Starting at the line that contains "Cancer Zodiac Sign", write out every line through the end of the records below exactly as it appears, and leave out all pictures.

[Captioned web image data]
● ● ●

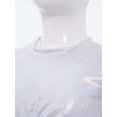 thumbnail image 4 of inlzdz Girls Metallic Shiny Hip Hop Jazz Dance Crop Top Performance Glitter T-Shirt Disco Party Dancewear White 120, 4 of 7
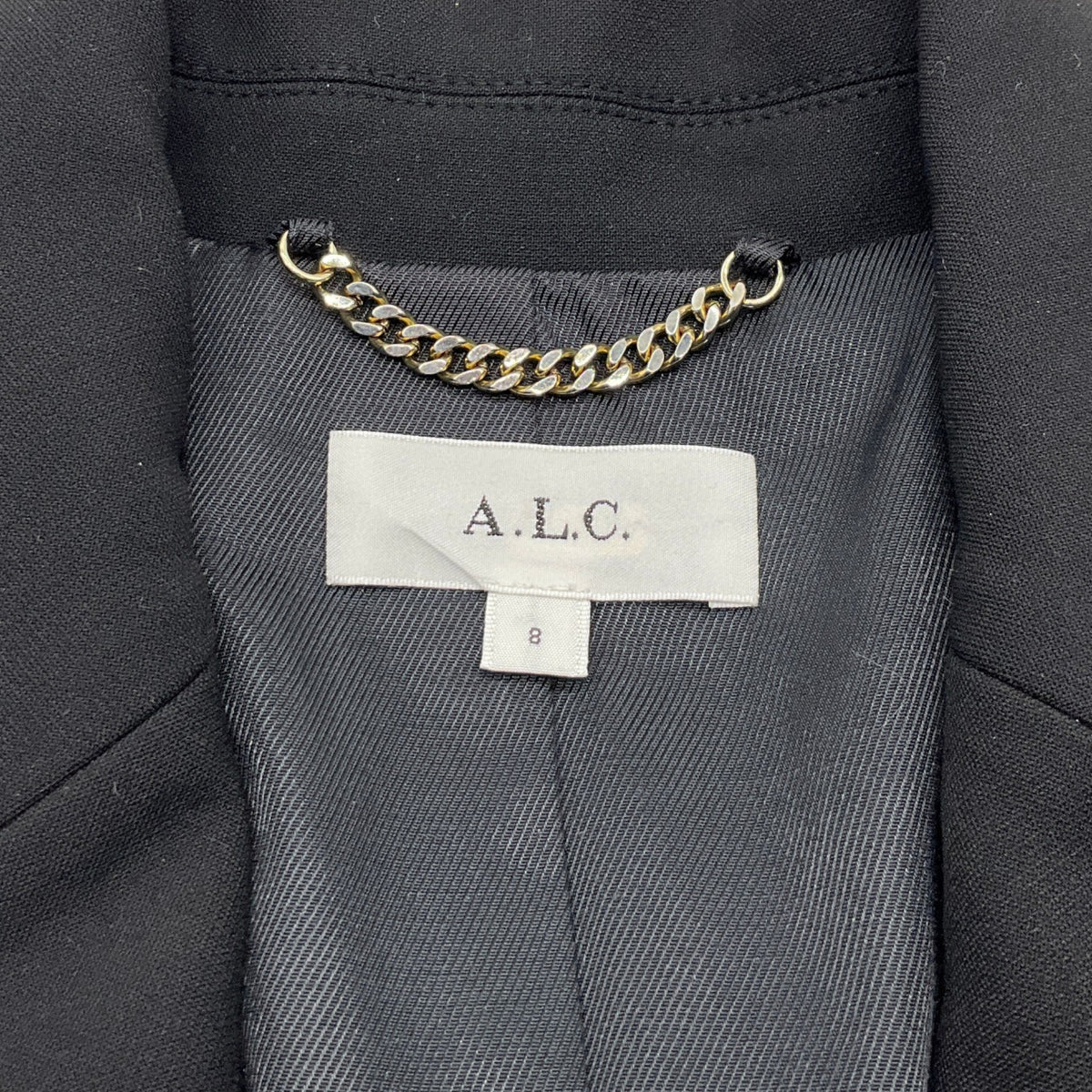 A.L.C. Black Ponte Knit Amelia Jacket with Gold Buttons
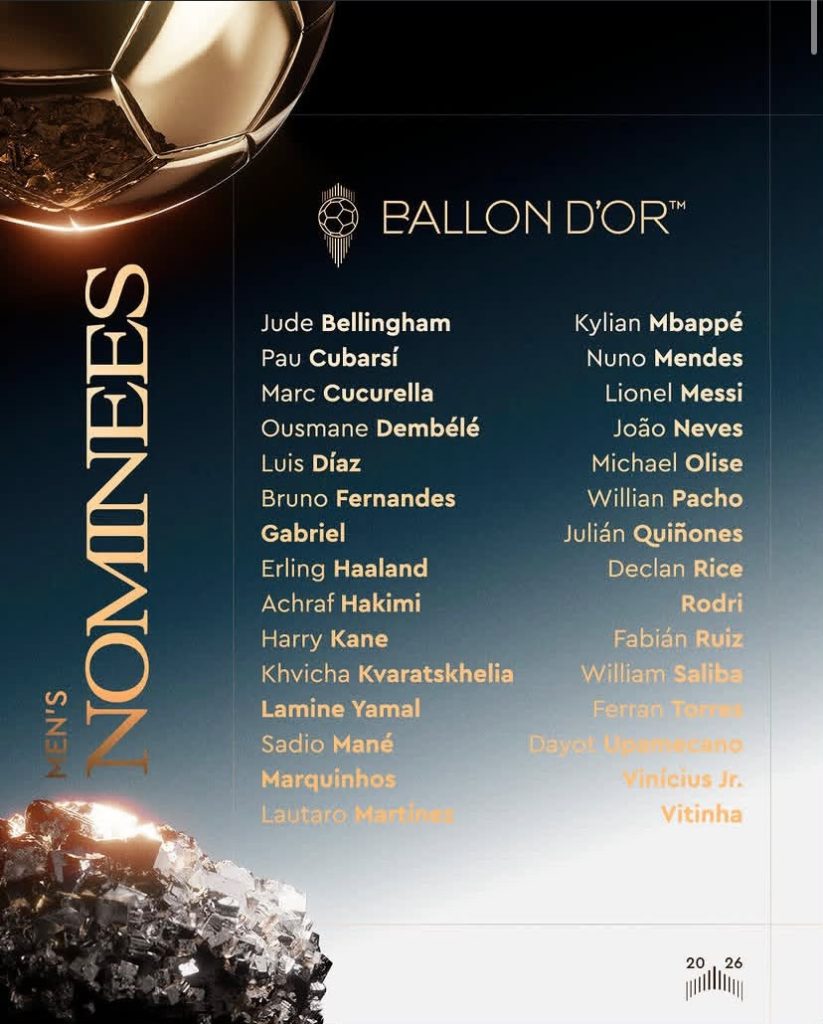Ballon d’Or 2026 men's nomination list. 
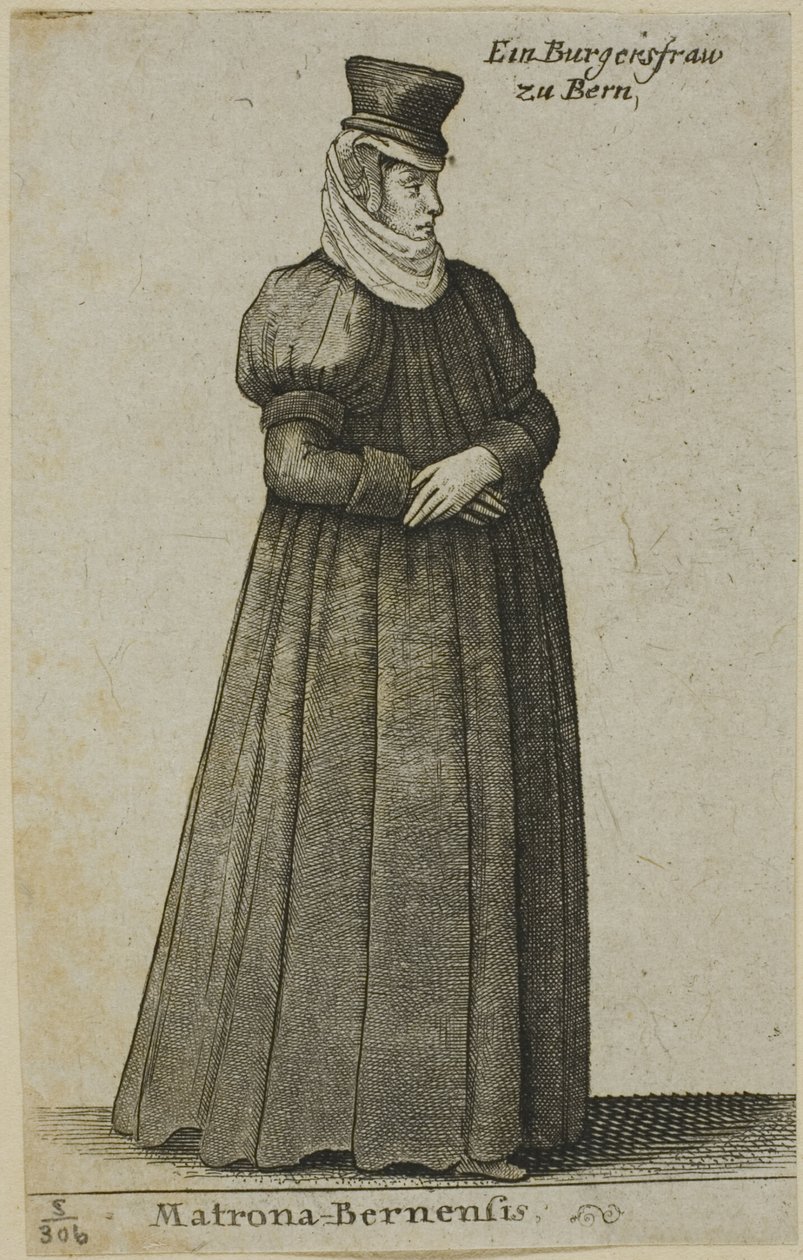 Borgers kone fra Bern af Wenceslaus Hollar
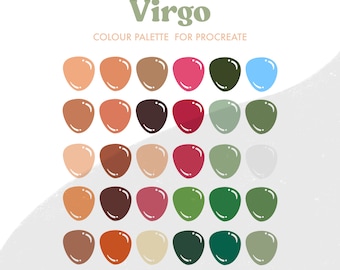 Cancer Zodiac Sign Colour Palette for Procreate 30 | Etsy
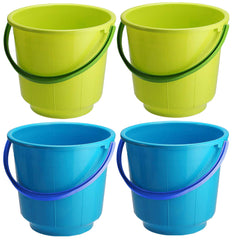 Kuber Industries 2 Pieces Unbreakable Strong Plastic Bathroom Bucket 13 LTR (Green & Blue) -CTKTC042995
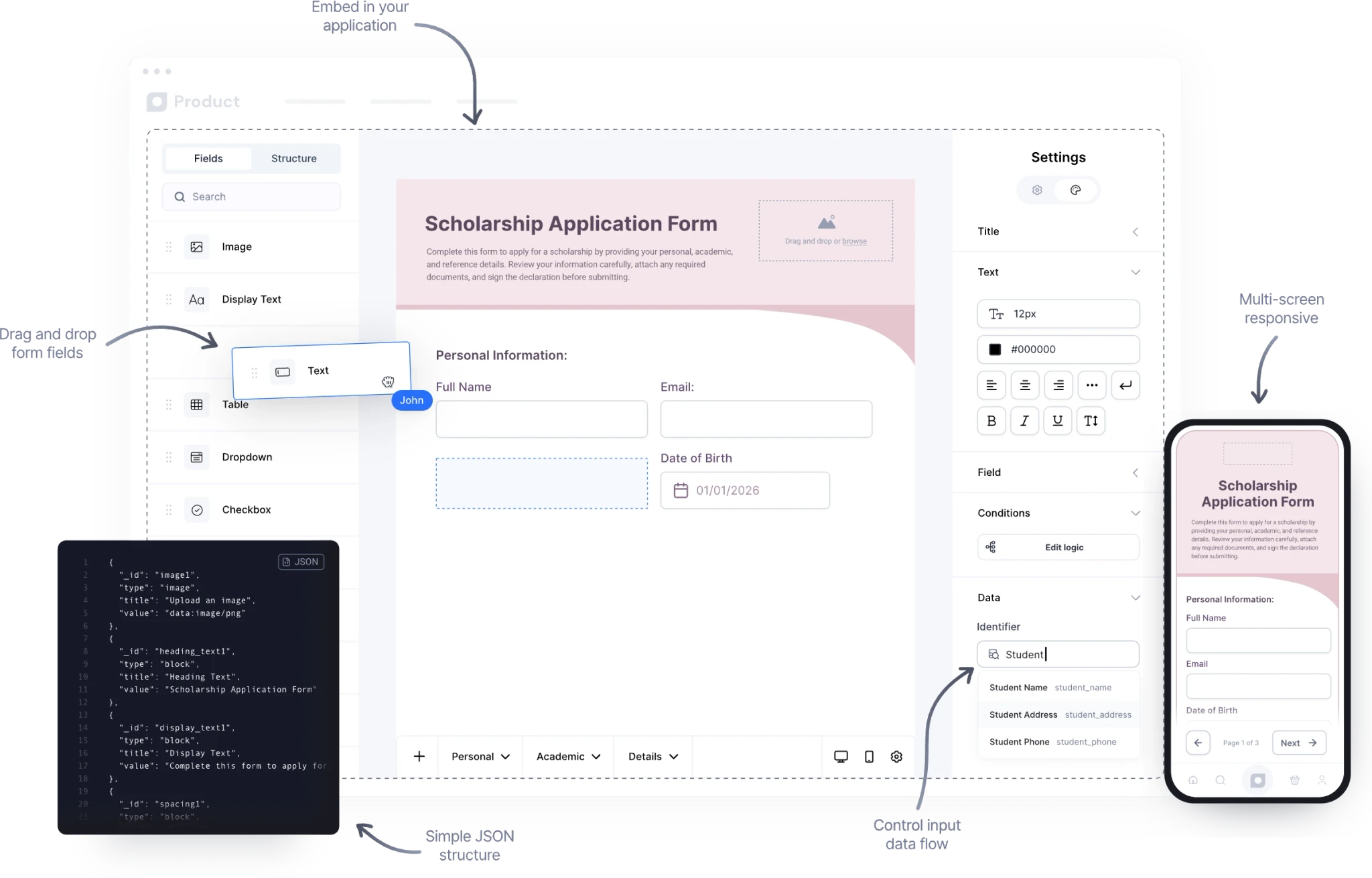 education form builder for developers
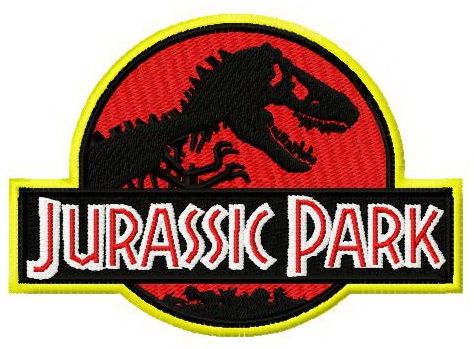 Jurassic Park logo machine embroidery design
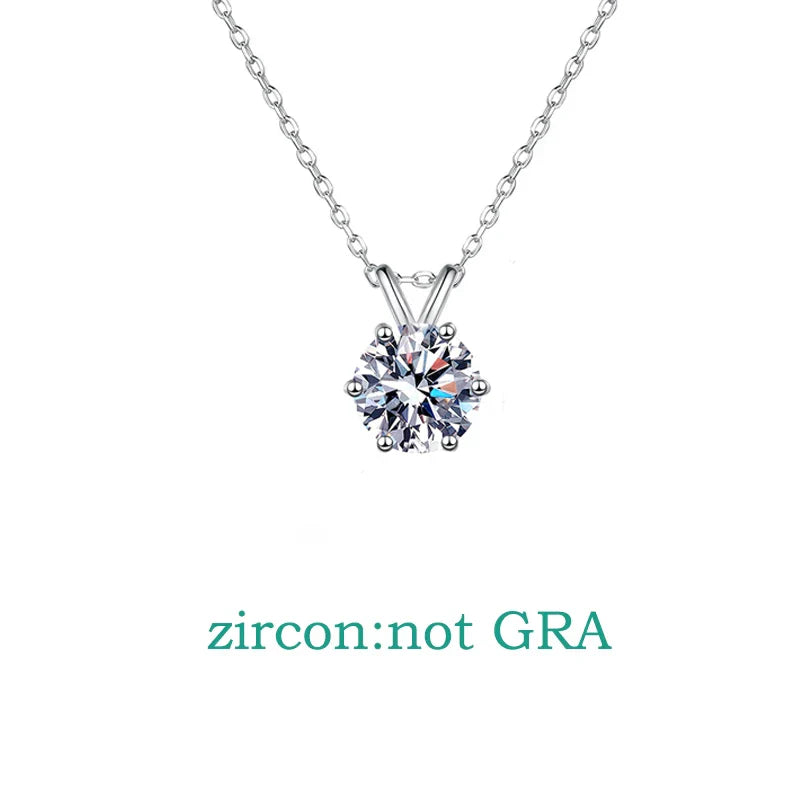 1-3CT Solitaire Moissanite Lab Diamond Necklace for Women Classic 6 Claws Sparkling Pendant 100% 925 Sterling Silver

● ● ●

Answer to this task →
 Cancer Zodiac Sign Colour Palette for Procreate 30 | Etsy
 Kuber Industries 2 Pieces Unbreakable Strong Plastic Bathroom Bucket 13 LTR (Green & Blue) -CTKTC042995
 education form builder for developers
 Jurassic Park logo machine embroidery design
 1-3CT Solitaire Moissanite Lab Diamond Necklace for Women Classic 6 Claws Sparkling Pendant 100% 925 Sterling Silver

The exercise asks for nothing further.